Con gran sutilidad se dibuja un pequeño mundo en el que finalmente Moretti actúa como centro de gravedad permanente. Su atribulada cuñada (Valeria Golino), su primo y sus compañeros de trabajo, terminarán acercándose a quien supuestamente está en plena crisis vital como balsa a la que agarrarse. En el naufragio masivo, en el marco del actual desahucio anímico y moral, en ese particular banco también se conceden préstamos, pero de otro tipo y sin interés, en forma de cálida conversación y abrazos sinceros. No es el sacerdote ni el psicólogo, ni imparte lecciones. Pero su presencia , su palabra y su facilidad para escuchar ayudan en un entramado de conexiones invisibles dentro del nuevo habitat. Y como no,  Moretti aprovecha para introducir su fina ironía. Por ejemplo, preguntándose qué es mejor, una fusión empresarial al estilo judío o al cristiano, teniendo muy en cuenta que las escrituras ya nos dicen como acaba por estos lares el hijo del creador de la gran empresa que es el mundo.
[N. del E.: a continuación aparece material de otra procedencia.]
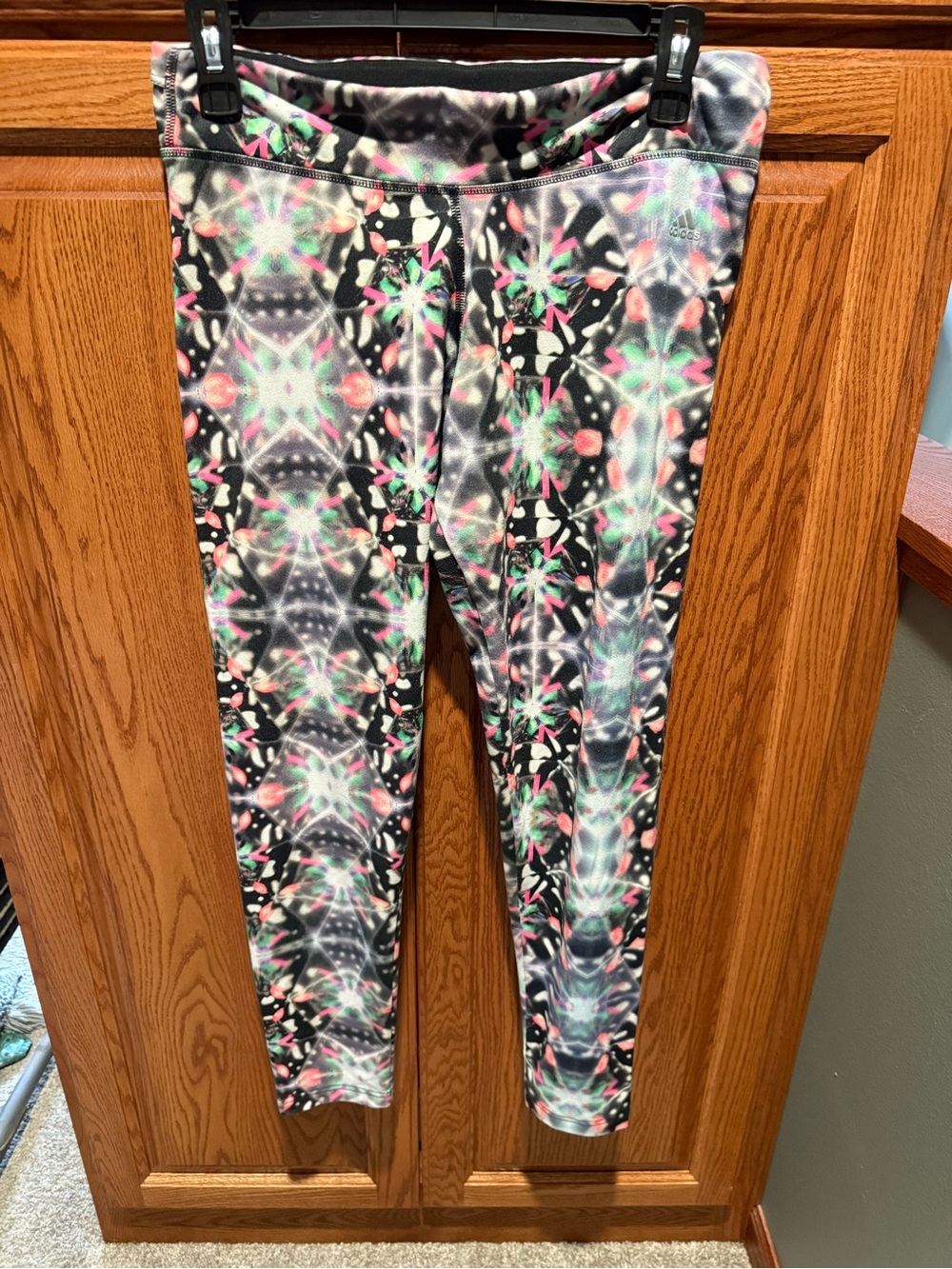 adidas Black Leggings with Pink & Mint Kaleidoscope Print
La segunda cuestión que se aborda en esta cinta supone un estudio sobre la figura de los límites del personaje de ficción. En este caso, del propio Moretti como arquetipo fílmico. Podemos preguntarnos hasta donde puede llegar Batman o Indiana Jones, que poderes les confiere la gran pantalla. James Bond es un caso claro. Cualquiera sabe que saldrá bien de cualquier apuro, se conoce su destreza en el combate, su agudeza y perspicacia e incluso su innata faceta de seductor. No sorprende cualquier hazaña suya ya que a lo largo de los años se ha construido una tipología que lo permite sin fisuras. Incluso ciertos héroes clásicos como Bogart, Brando o Marilyn poseen sus propios códigos muy pegados a su imgen. Lo que plantea aquí Moretti es muy interesante por cuanto somete al espectador a la visión del cuestionamiento de su propio arquetipo como figura de ficción. Y lo hace en dos sentidos inesperados. En la segunda escena de “Caos Calmo” Moretti ha de actuar casi como héroe de acción salvando a una bañista en una playa. Y más adelante, curiosamente con ese mismo personaje le somete a una escena erótica de alto voltaje.
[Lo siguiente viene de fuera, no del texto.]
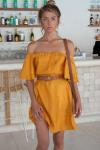 Summer women off shoulder golden dress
En principio ello crea extrañeza. En realidad el personaje Moretti recuerda un poco a un Woody Allen a la europea. ¿Se imagina alguien a Woody acudiendo al rescate de una bañista, lanzándose en plancha en pleno mar abierto y nadando con destreza? Al tipo al que el espectador está acostumbrado ¿no le daría miedo simplemente mojarse los pies? ¿No temería que le comerían los tiburones? ¿No estaría aterrorizado ante un posible corte de digestión? Sucede igual con el segundo ejemplo. Ni siquiera en los más húmedos sueños de seductor fracasado el espectador puede imaginarse a Woody en plena faena como si fuese Michael Douglas resolviendo su instinto básico y dando rienda suelta a tensiones sexuales no resueltas. O si se lo imagina es en clave cómica o fracasada. Otro tanto sucede con Nanni Moretti, aficionado a charlar mucho, pensar, dar vueltas en vespa y cultivar sus neurosis socio políticas, pero poco dado a la acción física ni a revolcones con rubias enigmáticas.
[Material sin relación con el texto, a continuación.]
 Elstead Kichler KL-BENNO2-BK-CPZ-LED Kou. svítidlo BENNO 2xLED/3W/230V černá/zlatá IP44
La apuesta supone un ejercicio metalinguístico en el que vemos al arquetipo codificado en acciones que están fuera de su código. El experimento corre el serio riesgo de alterar el tono compacto de la película, aunque el director y Moretti lo resuelven de modo hábil. Y lo hacen destacando su torpeza, tanto en la escena marítima como en la sexual. Y para esta última, muy explícita, termina cortando en seco con un plano del propio personaje despertando en la cama junto a su hija, lo que permite aventurar que todo lo visto ha sido una ensoñación.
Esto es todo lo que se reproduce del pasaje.